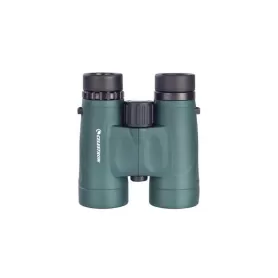 Nature DX 10x42 - CB71333 - Celestron - Prismáticos CELESTRON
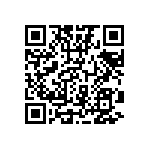 1812J0500272KAR QRCode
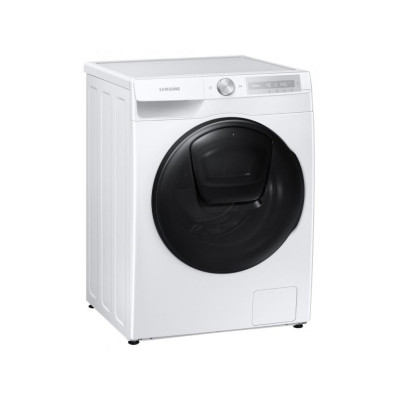 Стиральная машина Samsung WD10T654CBH/UA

TASK OBJECTIVE: Write out the data above in full and exactly, but without the pictures.

RESULT OF THIS TASK:
 Nature DX 10x42 - CB71333 - Celestron - Prismáticos CELESTRON
 1812J0500272KAR QRCode
 Стиральная машина Samsung WD10T654CBH/UA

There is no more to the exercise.